The rush of new voters and money has appeared as Yale senior Sarah Eidelson and sophomore Vinay Nayak prepare for a general election battle Tuesday for the aldermanic seat in Ward 1. The ward, which spans campus dorms, is traditionally represented by a Yale undergraduate.
Eidelson claimed she’s registered 688 new voters in the ward since she announced her candidacy in August. Nayak claimed he’s registered about 600. And the Yale College Democrats registered around 200, according to their president, Marina Keegan.
Their numbers could not be independently confirmed by the city’s Registrar of Voters because, staffers said, of Gov. Dannel P. Malloy’s decision to extend the deadline for voter registration to Friday due to the freak snowstorm over the weekend, pushing back the date when the city publishes voter lists.
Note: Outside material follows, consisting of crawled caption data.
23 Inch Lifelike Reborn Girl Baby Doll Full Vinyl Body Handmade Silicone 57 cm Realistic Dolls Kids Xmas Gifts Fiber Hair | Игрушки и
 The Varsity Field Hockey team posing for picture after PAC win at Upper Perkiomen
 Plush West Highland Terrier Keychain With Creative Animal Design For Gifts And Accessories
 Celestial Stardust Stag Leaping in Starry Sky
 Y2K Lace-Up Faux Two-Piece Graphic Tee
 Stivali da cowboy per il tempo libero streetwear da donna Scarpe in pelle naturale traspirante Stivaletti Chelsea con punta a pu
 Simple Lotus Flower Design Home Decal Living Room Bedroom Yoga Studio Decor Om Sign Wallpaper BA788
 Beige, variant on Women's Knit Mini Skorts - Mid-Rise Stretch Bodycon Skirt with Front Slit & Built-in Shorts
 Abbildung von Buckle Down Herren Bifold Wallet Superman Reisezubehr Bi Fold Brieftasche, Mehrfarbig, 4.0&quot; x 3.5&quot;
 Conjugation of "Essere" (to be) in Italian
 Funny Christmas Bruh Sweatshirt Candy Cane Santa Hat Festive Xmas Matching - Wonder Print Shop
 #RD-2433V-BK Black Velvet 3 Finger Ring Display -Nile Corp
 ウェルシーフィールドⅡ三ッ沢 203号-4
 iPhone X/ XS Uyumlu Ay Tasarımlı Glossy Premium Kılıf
Because Yale students generally change residence every year and most who graduate leave the city, the influx of new registrants — and exodus of others — isn’t unusual. However, numbers provided by the registrar show the overall number has grown dramatically: As of Oct. 27, the registrar had counted 2,400 registered voters in the ward. Around the same time last year there were about 2,050.
Eidelson and Nayak are both running as Independents on Tuesday. That’s because campus Democrats changed the endorsement process: Ward 1’s Democratic committee decided in January not to hold an endorsement vote for an aldermanic candidate in the spring, so that Yale freshmen joining in the fall can have a say in who represents them in the city.
The surge in registrations could give the ward an unexpectedly large role in Tuesday’s mayoral contest, where 18-year incumbent Mayor John DeStefano faces independent challenger Jeffrey Kerekes.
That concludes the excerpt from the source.